Test-Driven Development in Data Science

Published in

MiQ Tech and Analytics

6 min readNov 23, 2020

Much of a data scientist’s work is exploratory in nature. A good data scientist must know how to develop good hypotheses, reject those which aren’t working, and work with those which look good. It’s a very iterative process.

The consequence of this is that it’s counterproductive to restrict the data scientist with too many restrictions on process and rules. Jeremy Howard (the co-founder of fast.ai, among other things), for e.g., suggests that data scientists following the PEP 8 convention may not be optimal.

But there is danger in going too far in this direction. Any science relies on method and process for the accumulation of knowledge. As the Big Data, Analytics and Data Science industry is maturing, there is a need for more professionalism in the process. The need for agility shouldn’t compromise the quality of the code that is being written.

This blog will focus on one important learning that the Data Science industry can pick up from Software Engineering — the framework of Test-Driven Development or TTD. However, because of certain fundamental differences in both the fields, there are certain modifications that must be made.

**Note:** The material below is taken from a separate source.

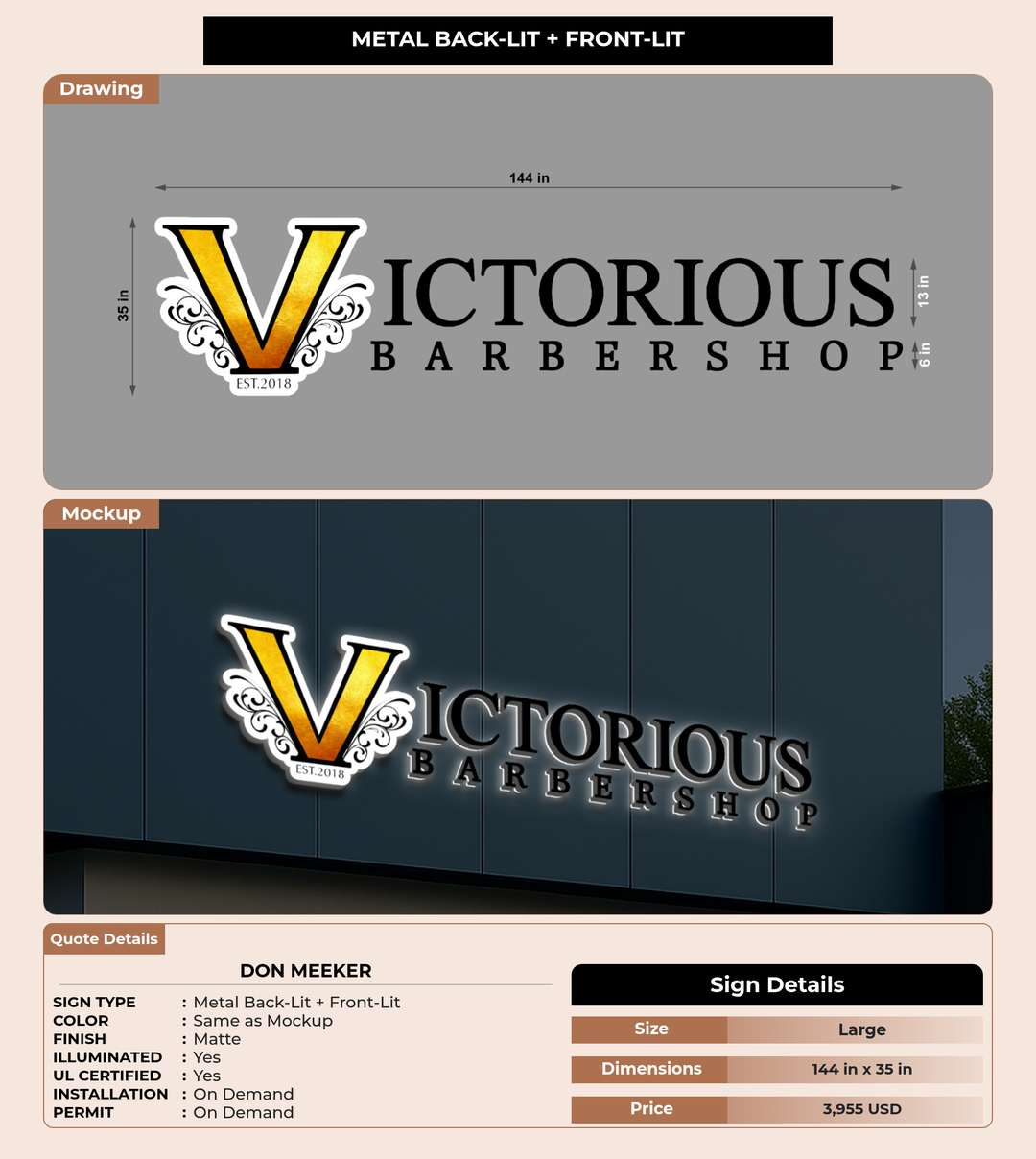 CUSTOM MOCKUP SIGN FOR Don Meeker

This article has the following outline:

What is TTD?
TTD for Data Science
Use of TTD in Data Science

What is TTD?

A developer must follow certain steps during the development cycle, such as coding of the feature, having a clear understanding of what the end result is supposed to be, ensuring that the feature is bug-free and edge cases are handled, and so on. TTD is a framework that defines the best practices for development.

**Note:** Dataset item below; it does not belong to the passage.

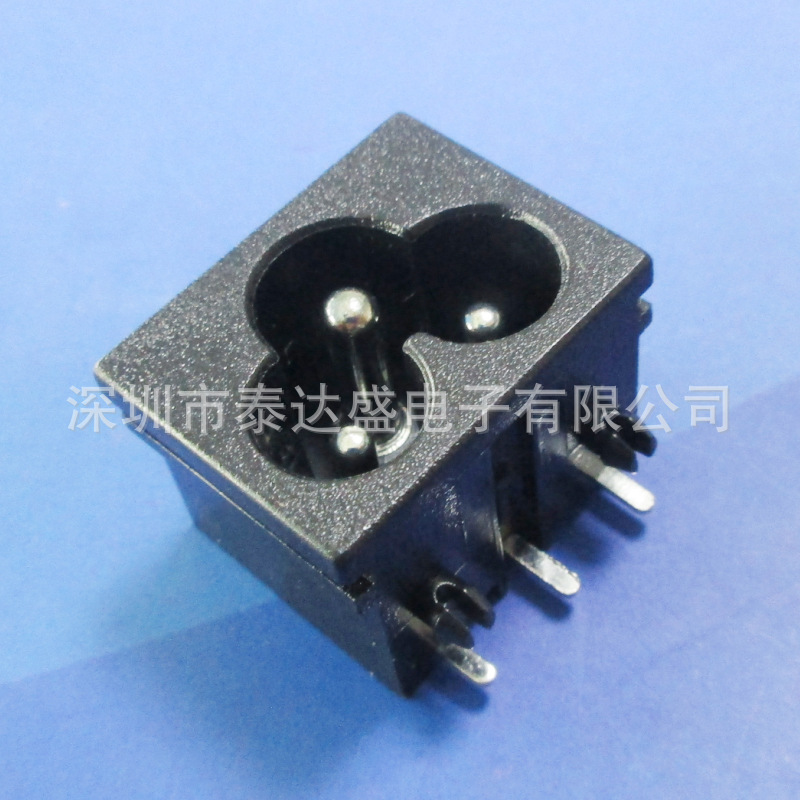 23*18黑梅花三脚插座12V6A通用标准AC插座 PCB板插脚板插座 DB-6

In TTD, the basic approach is:

The developer must understand the feature and its requirements thoroughly before starting to code.
Now, instead of starting with coding the test immediately, they should write a test first. It must be ensured that the test fails (as a test that would pass even before the code is written would be meaningless).
Only now the code must be written so that the test passes. The developer must not write code more than what is necessary to pass the test.

Then the next test must be written, and further code added to pass the test and so on. Keep in mind that the code here can be inelegant. The only important thing is to write tests and add code to pass the tests.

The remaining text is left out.